Universidade pública gratuita é mais que mero acesso ao conhecimento ou a um título acadêmico. Compõe um amplo mecanismo de reparação social, uma conquista para o desenvolvimento das comunidades no país, obtida com continuadas lutas ao longo dos anos e aprimorada pelo modelo de cotas, dando aos jovens brasileiros perspectiva de crescimento e de progresso.

Pela Lei de Cotas, o ingresso às universidades públicas tornou-se uma alternativa real para os brasileiros de setores da sociedade historicamente negligenciados e desfavorecidos, além de tornar-se, também, oportunidade de aprimoramento das universidades, que enriqueceram com a maior diversidade dos alunos. E ainda precisamos avançar para ampliar esse efeito e criar mecanismos que garantam a permanência desses alunos.

Depois de quase dez anos dessa política, o Brasil é surpreendido com a possibilidade de votação da PEC 206/2019, que prevê alterar a Constituição Federal para estabelecer que as universidades públicas passem a cobrar mensalidades, acentuando o abismo de oportunidades existente na nossa sociedade.

A política de assistência é uma importante estratégia de democratização do ensino superior no Brasil, ao promover o acesso a bens e serviços públicos que têm elevado as condições de vida acadêmica dos estudantes, visando equidade social.


Esta PEC vem na contramão de tudo isso!

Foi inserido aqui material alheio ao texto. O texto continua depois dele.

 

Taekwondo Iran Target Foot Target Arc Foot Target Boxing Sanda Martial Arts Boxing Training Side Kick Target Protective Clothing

Ela reflete um retrocesso sem igual no ensino público brasileiro. A forma proposta pela PEC estabelece dois tipos de cidadãos, os que “podem pagar” e os que “não podem pagar”, cujos critérios seriam, em tese, definidos pelo próprio Estado, a partir do poder Executivo.

Alguém duvida de quais segmentos socioeconômicos terão maior poder de convencimento para obter a isenção do pagamento? Será que “o filho do porteiro” (conforme exemplo do ministro da Economia, a respeito do que ele considera o absurdo das universidades públicas) terá o mesmo poder de convencimento de sua necessidade de isenção do que, por exemplo, “um filho de ministro”? Não nos esqueçamos de como historicamente se dá a “meritocracia” em nosso país... Exemplo disso são as isenções tributárias, com perdões bilionários aos empresários mais ricos do país e aumento da carga de impostos aos mais pobres.

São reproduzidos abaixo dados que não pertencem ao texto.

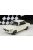 Minichamps - Bmw 2002 1970 White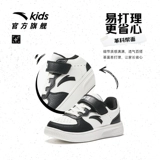 Детские кроссовки, спортивная обувь, белая обувь для отдыха, универсальная повседневная обувь, туфли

Considerada descabida, desnecessária e eleitoreira, a PEC ignora que as universidades públicas no Brasil, baseadas no tripé ensino, pesquisa e extensão, são constantemente reconhecidas pelos melhores rankings mundiais de desempenho. Isso enquanto, de 2013 a 2022, a perda real de salários de pesquisadores federais foi de 18,3%.

E esses resultados positivos não se devem ao acaso. A universidade pública gratuita devolve muito para o país por meio dos hospitais universitários, clínicas de veterinária, odontologia e inúmeros programas de extensão em todas as áreas do conhecimento que se configuram como melhores e, em alguns casos, únicos no país.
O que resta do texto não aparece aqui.